New issue
Advanced search Search tips
Note: Color blocks (like or ) mean that a user may not be available. Tooltip shows the reason.

Issue 663748 link

Starred by 1 user

Issue metadata

Status: Archived
Owner:
Last visit > 30 days ago
Closed: Aug 2017
Cc:
Components:
EstimatedDays: ----
NextAction: ----
OS: Android
Pri: 1
Type: ----

Blocked on:
issue 667470
issue 691654



Sign in to add a comment

Purple tests on many android devices

Project Member Reported by sullivan@chromium.org, Nov 9 2016

Issue description

Randy, I'm not sure if you have any ideas on how to triage; I know you wrote some of the code to turn android perf steps purple but not sure if this is related?

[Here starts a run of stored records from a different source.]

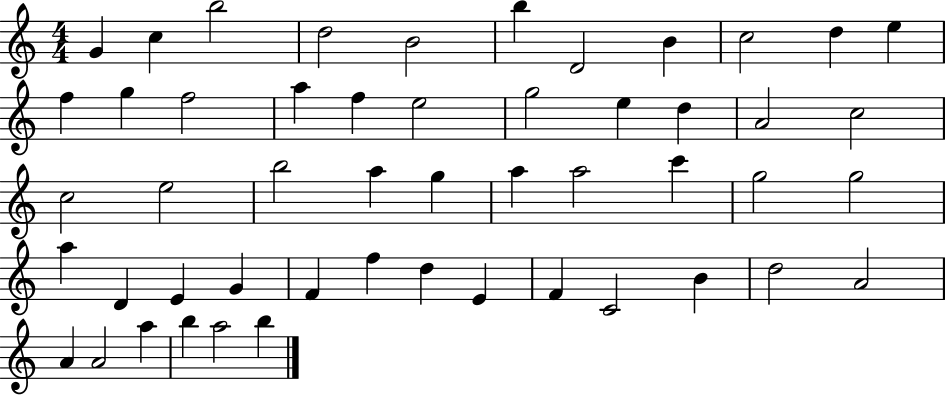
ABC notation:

X:1
T:Untitled
M:4/4
L:1/4
K:C
G c b2 d2 B2 b D2 B c2 d e f g f2 a f e2 g2 e d A2 c2 c2 e2 b2 a g a a2 c' g2 g2 a D E G F f d E F C2 B d2 A2 A A2 a b a2 b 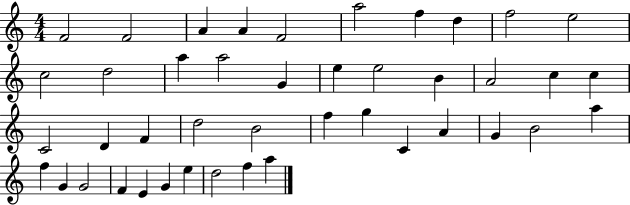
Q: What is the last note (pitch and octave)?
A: A5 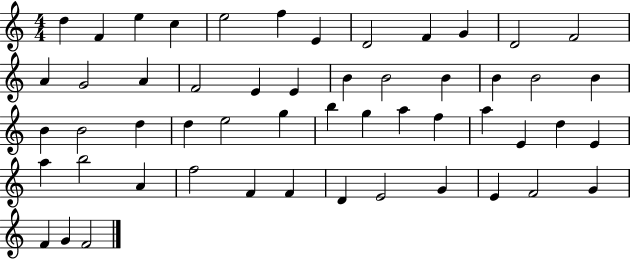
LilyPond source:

{
  \clef treble
  \numericTimeSignature
  \time 4/4
  \key c \major
  d''4 f'4 e''4 c''4 | e''2 f''4 e'4 | d'2 f'4 g'4 | d'2 f'2 | \break a'4 g'2 a'4 | f'2 e'4 e'4 | b'4 b'2 b'4 | b'4 b'2 b'4 | \break b'4 b'2 d''4 | d''4 e''2 g''4 | b''4 g''4 a''4 f''4 | a''4 e'4 d''4 e'4 | \break a''4 b''2 a'4 | f''2 f'4 f'4 | d'4 e'2 g'4 | e'4 f'2 g'4 | \break f'4 g'4 f'2 | \bar "|."
} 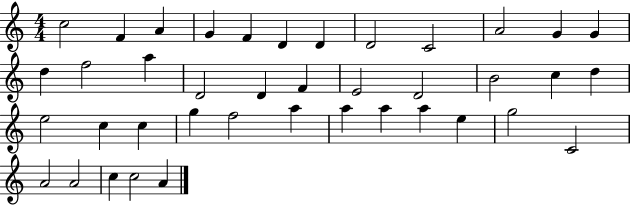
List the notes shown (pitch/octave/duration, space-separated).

C5/h F4/q A4/q G4/q F4/q D4/q D4/q D4/h C4/h A4/h G4/q G4/q D5/q F5/h A5/q D4/h D4/q F4/q E4/h D4/h B4/h C5/q D5/q E5/h C5/q C5/q G5/q F5/h A5/q A5/q A5/q A5/q E5/q G5/h C4/h A4/h A4/h C5/q C5/h A4/q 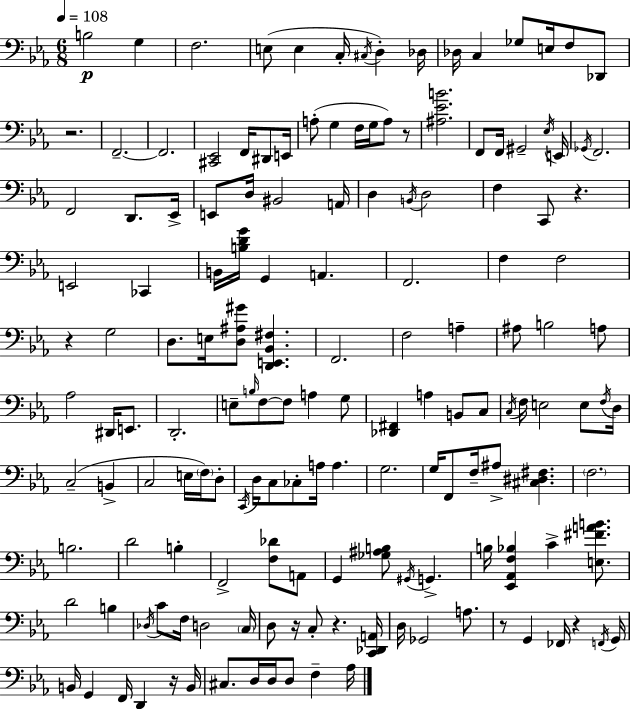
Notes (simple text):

B3/h G3/q F3/h. E3/e E3/q C3/s C#3/s D3/q Db3/s Db3/s C3/q Gb3/e E3/s F3/e Db2/e R/h. F2/h. F2/h. [C#2,Eb2]/h F2/s D#2/e E2/s A3/e G3/q F3/s G3/s A3/e R/e [A#3,Eb4,B4]/h. F2/e F2/s G#2/h Eb3/s E2/s Gb2/s F2/h. F2/h D2/e. Eb2/s E2/e D3/s BIS2/h A2/s D3/q B2/s D3/h F3/q C2/e R/q. E2/h CES2/q B2/s [B3,D4,G4]/s G2/q A2/q. F2/h. F3/q F3/h R/q G3/h D3/e. E3/s [D3,A#3,G#4]/e [D2,E2,Bb2,F#3]/q. F2/h. F3/h A3/q A#3/e B3/h A3/e Ab3/h D#2/s E2/e. D2/h. E3/e B3/s F3/e F3/e A3/q G3/e [Db2,F#2]/q A3/q B2/e C3/e C3/s F3/s E3/h E3/e F3/s D3/s C3/h B2/q C3/h E3/s F3/s D3/e C2/s D3/s C3/e CES3/e A3/s A3/q. G3/h. G3/s F2/e F3/s A#3/e [C#3,D#3,F#3]/q. F3/h. B3/h. D4/h B3/q F2/h [F3,Db4]/e A2/e G2/q [Gb3,A#3,B3]/e G#2/s G2/q. B3/s [Eb2,Ab2,F3,Bb3]/q C4/q [E3,F#4,A4,B4]/e. D4/h B3/q Db3/s C4/e F3/s D3/h C3/s D3/e R/s C3/e R/q. [C2,Db2,A2]/s D3/s Gb2/h A3/e. R/e G2/q FES2/s R/q F2/s G2/s B2/s G2/q F2/s D2/q R/s B2/s C#3/e. D3/s D3/s D3/e F3/q Ab3/s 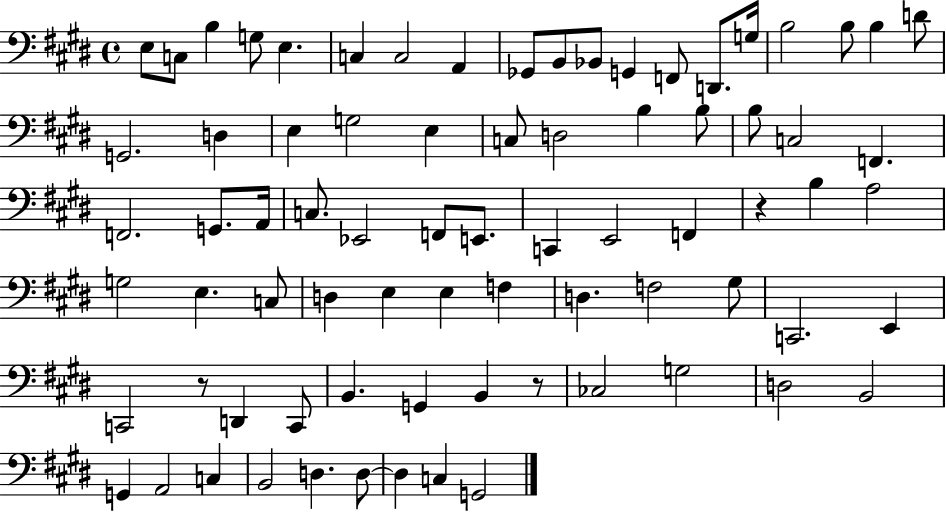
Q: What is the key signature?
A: E major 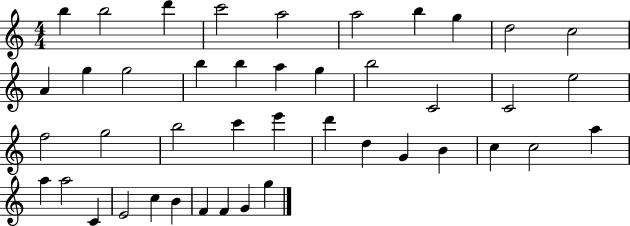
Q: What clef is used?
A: treble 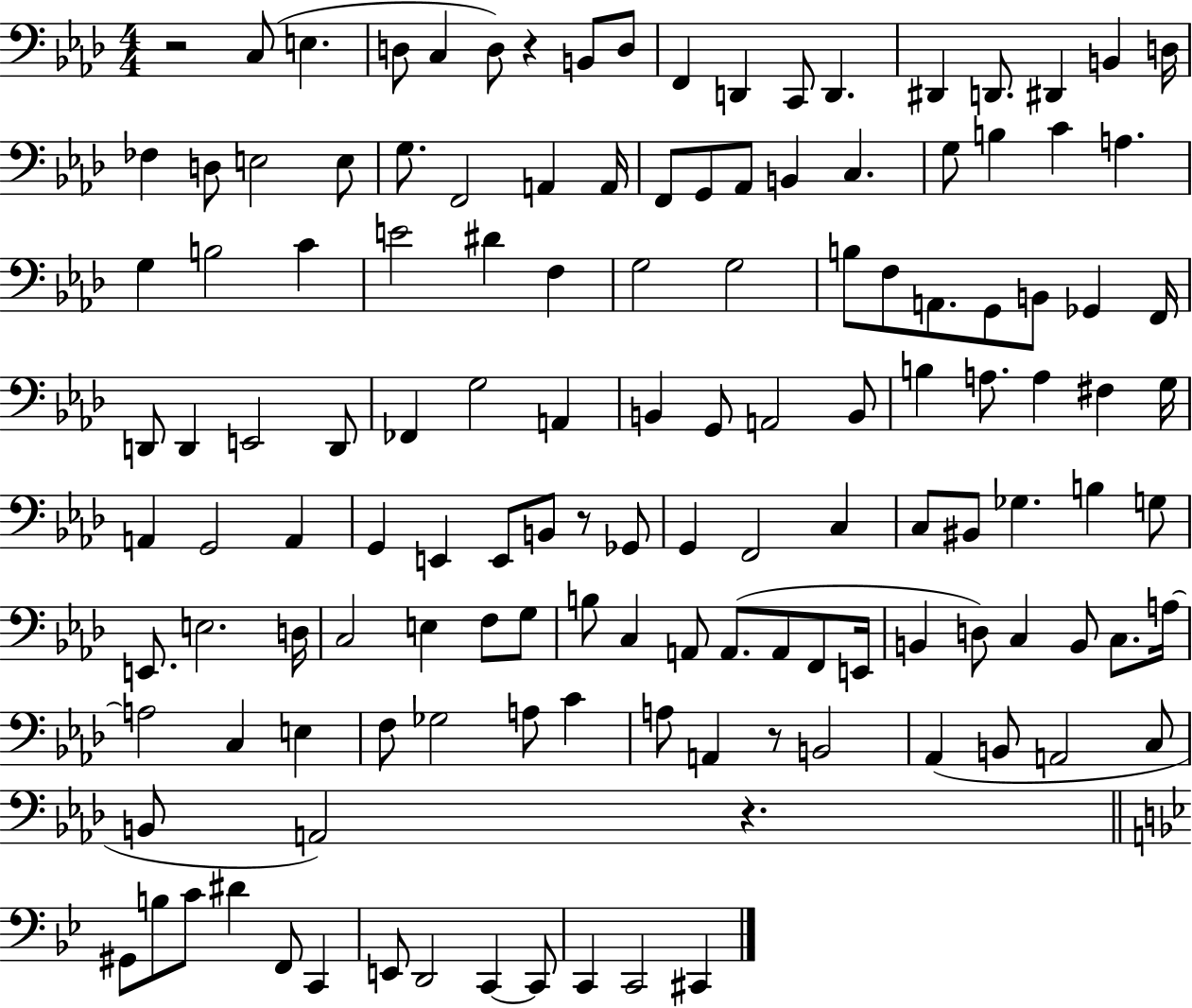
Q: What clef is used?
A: bass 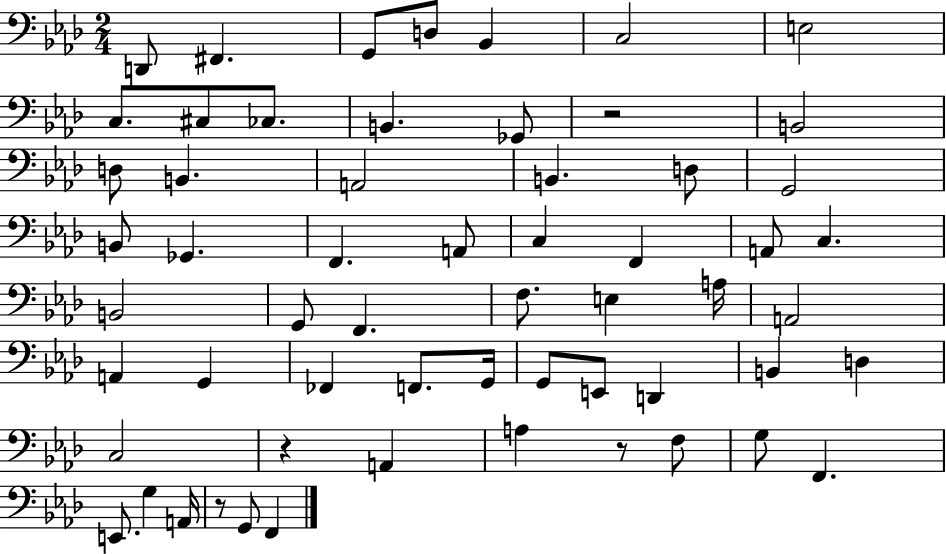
X:1
T:Untitled
M:2/4
L:1/4
K:Ab
D,,/2 ^F,, G,,/2 D,/2 _B,, C,2 E,2 C,/2 ^C,/2 _C,/2 B,, _G,,/2 z2 B,,2 D,/2 B,, A,,2 B,, D,/2 G,,2 B,,/2 _G,, F,, A,,/2 C, F,, A,,/2 C, B,,2 G,,/2 F,, F,/2 E, A,/4 A,,2 A,, G,, _F,, F,,/2 G,,/4 G,,/2 E,,/2 D,, B,, D, C,2 z A,, A, z/2 F,/2 G,/2 F,, E,,/2 G, A,,/4 z/2 G,,/2 F,, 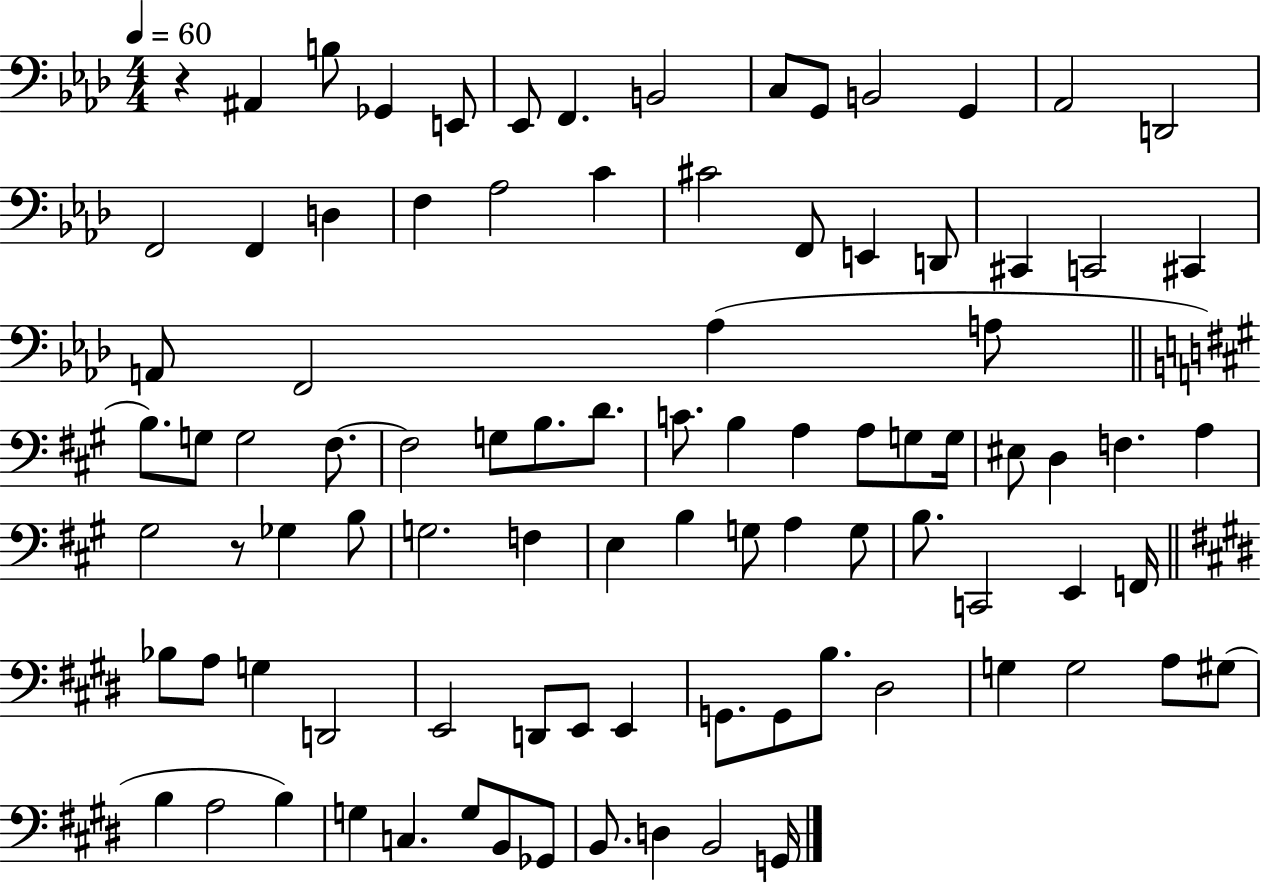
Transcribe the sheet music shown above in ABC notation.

X:1
T:Untitled
M:4/4
L:1/4
K:Ab
z ^A,, B,/2 _G,, E,,/2 _E,,/2 F,, B,,2 C,/2 G,,/2 B,,2 G,, _A,,2 D,,2 F,,2 F,, D, F, _A,2 C ^C2 F,,/2 E,, D,,/2 ^C,, C,,2 ^C,, A,,/2 F,,2 _A, A,/2 B,/2 G,/2 G,2 ^F,/2 ^F,2 G,/2 B,/2 D/2 C/2 B, A, A,/2 G,/2 G,/4 ^E,/2 D, F, A, ^G,2 z/2 _G, B,/2 G,2 F, E, B, G,/2 A, G,/2 B,/2 C,,2 E,, F,,/4 _B,/2 A,/2 G, D,,2 E,,2 D,,/2 E,,/2 E,, G,,/2 G,,/2 B,/2 ^D,2 G, G,2 A,/2 ^G,/2 B, A,2 B, G, C, G,/2 B,,/2 _G,,/2 B,,/2 D, B,,2 G,,/4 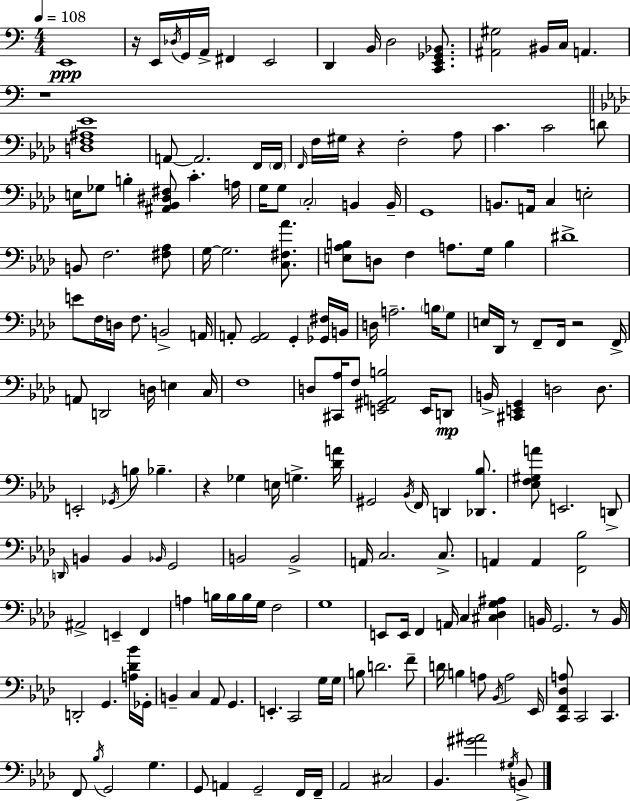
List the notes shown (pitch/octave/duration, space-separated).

E2/w R/s E2/s Db3/s G2/s A2/s F#2/q E2/h D2/q B2/s D3/h [C2,E2,Gb2,Bb2]/e. [A#2,G#3]/h BIS2/s C3/s A2/q. R/w [D3,F3,A#3,Eb4]/w A2/e A2/h. F2/s F2/s F2/s F3/s G#3/s R/q F3/h Ab3/e C4/q. C4/h D4/e E3/s Gb3/e B3/q [A#2,Bb2,D#3,F#3]/e C4/q. A3/s G3/s G3/e C3/h B2/q B2/s G2/w B2/e. A2/s C3/q E3/h B2/e F3/h. [F#3,Ab3]/e G3/s G3/h. [C3,F#3,Ab4]/e. [E3,Ab3,B3]/e D3/e F3/q A3/e. G3/s B3/q D#4/w E4/e F3/s D3/s F3/e. B2/h A2/s A2/e [G2,A2]/h G2/q [Gb2,F#3]/s B2/s D3/s A3/h. B3/s G3/e E3/s Db2/s R/e F2/e F2/s R/h F2/s A2/e D2/h D3/s E3/q C3/s F3/w D3/e [C#2,Ab3]/s F3/e [E2,G#2,A2,B3]/h E2/s D2/e B2/s [C#2,E2,G2]/q D3/h D3/e. E2/h Gb2/s B3/e Bb3/q. R/q Gb3/q E3/s G3/q. [Db4,A4]/s G#2/h Bb2/s F2/s D2/q [Db2,Bb3]/e. [Eb3,F3,G#3,A4]/e E2/h. D2/e D2/s B2/q B2/q Bb2/s G2/h B2/h B2/h A2/s C3/h. C3/e. A2/q A2/q [F2,Bb3]/h A#2/h E2/q F2/q A3/q B3/s B3/s B3/s G3/s F3/h G3/w E2/e E2/s F2/q A2/s C3/q [C#3,Db3,G3,A#3]/q B2/s G2/h. R/e B2/s D2/h G2/q. [A3,Db4,Bb4]/s Gb2/s B2/q C3/q Ab2/e G2/q. E2/q. C2/h G3/s G3/s B3/e D4/h. F4/e D4/s B3/q A3/e Bb2/s A3/h Eb2/s [C2,F2,Db3,A3]/e C2/h C2/q. F2/e Bb3/s G2/h G3/q. G2/e A2/q G2/h F2/s F2/s Ab2/h C#3/h Bb2/q. [G#4,A#4]/h G#3/s B2/e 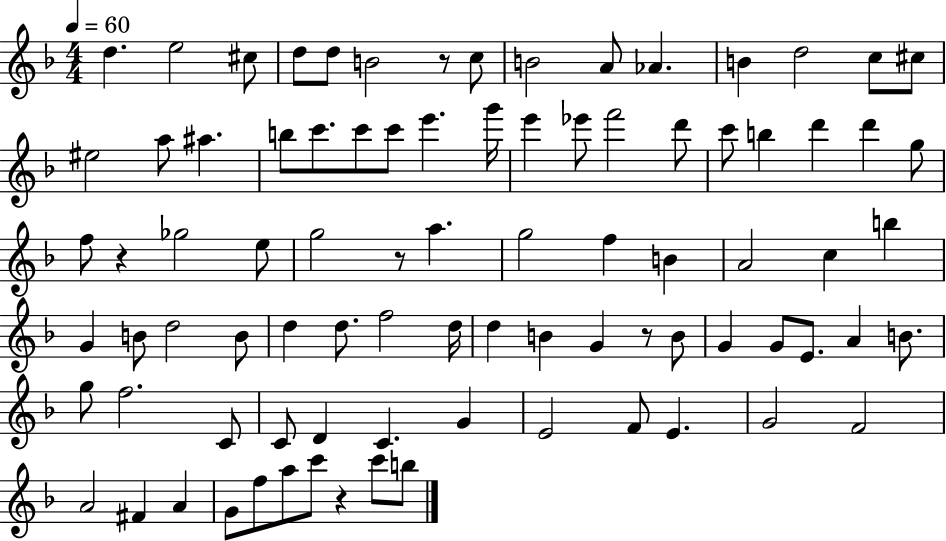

Seeing this on several bots:
https://build.chromium.org/p/chromium.perf/builders/Android%20Nexus5%20Perf%20%281%29/builds/4638
https://build.chromium.org/p/chromium.perf/builders/Android%20Nexus5%20Perf%20%282%29/builds/4284
https://build.chromium.org/p/chromium.perf/builders/Android%20Nexus7v2%20Perf%20%282%29/builds/3231
https://build.chromium.org/p/chromium.perf/builders/Android%20Nexus9%20Perf%20%282%29/builds/3515

Some, but not all of the tests on a device go purple. It's my understanding that the order the tests are shown on the buildbot status page is not necessarily the order they were run in, so my guess is that something is going wrong and the rest of the runs on the device fail afterwards. But all I see in the logs is basically a message that telemetry was never run:

/usr/bin/python /b/rr/tmpCPIpw6/w/src/build/android/test_runner.py perf --print-step page_cycler_v2.intl_ko_th_vi --verbose --adb-path /b/rr/tmpCPIpw6/w/src/third_party/catapult/devil/bin/deps/linux2/x86_64/bin/adb --blacklist-file /b/rr/tmpCPIpw6/w/src/out/bad_devices.json --output-chartjson-data=/tmp/tmpoV_HSE
I    0.003s Main  command: /b/rr/tmpCPIpw6/w/src/build/android/test_runner.py perf --print-step page_cycler_v2.intl_ko_th_vi --verbose --adb-path /b/rr/tmpCPIpw6/w/src/third_party/catapult/devil/bin/deps/linux2/x86_64/bin/adb --blacklist-file /b/rr/tmpCPIpw6/w/src/out/bad_devices.json --output-chartjson-data=/tmp/tmpoV_HSE
E    0.003s Main  File not found /b/rr/tmpCPIpw6/w/src/out/step_results/page_cycler_v2.intl_ko_th_vi
E    0.004s Main  Error occurred.
Traceback (most recent call last):
  File "/b/rr/tmpCPIpw6/w/src/build/android/test_runner.py", line 869, in main
    return RunTestsCommand(args)
  File "/b/rr/tmpCPIpw6/w/src/build/android/test_runner.py", line 693, in RunTestsCommand
    return RunTestsInPlatformMode(args)
  File "/b/rr/tmpCPIpw6/w/src/build/android/test_runner.py", line 760, in RunTestsInPlatformMode
    raw_results = test_run.RunTests()
  File "/b/rr/tmpCPIpw6/w/src/build/android/pylib/local/device/local_device_perf_test_run.py", line 498, in RunTests
    result_type = self._test_instance.PrintTestOutput()
  File "/b/rr/tmpCPIpw6/w/src/build/android/pylib/perf/perf_test_instance.py", line 124, in PrintTestOutput
    raise PersistentDataError('No data for test %s found.' % self._print_step)
PersistentDataError: No data for test page_cycler_v2.intl_ko_th_vi found.
<Thread(Thread-1, started 140700227208960)> ProcessRead: proc.stdout finished.
<Thread(Thread-1, started 140700227208960)> ProcessRead: cleaning up.
<Thread(Thread-2, started daemon 140700218816256)> TimedFlush: Finished
<Thread(Thread-1, started 140700227208960)> ProcessRead: finished.
exit code (as seen by runtest.py): 87

 
That error means it is not finding the output to the test run. This happens when a device is blacklisted and can no longer run tests.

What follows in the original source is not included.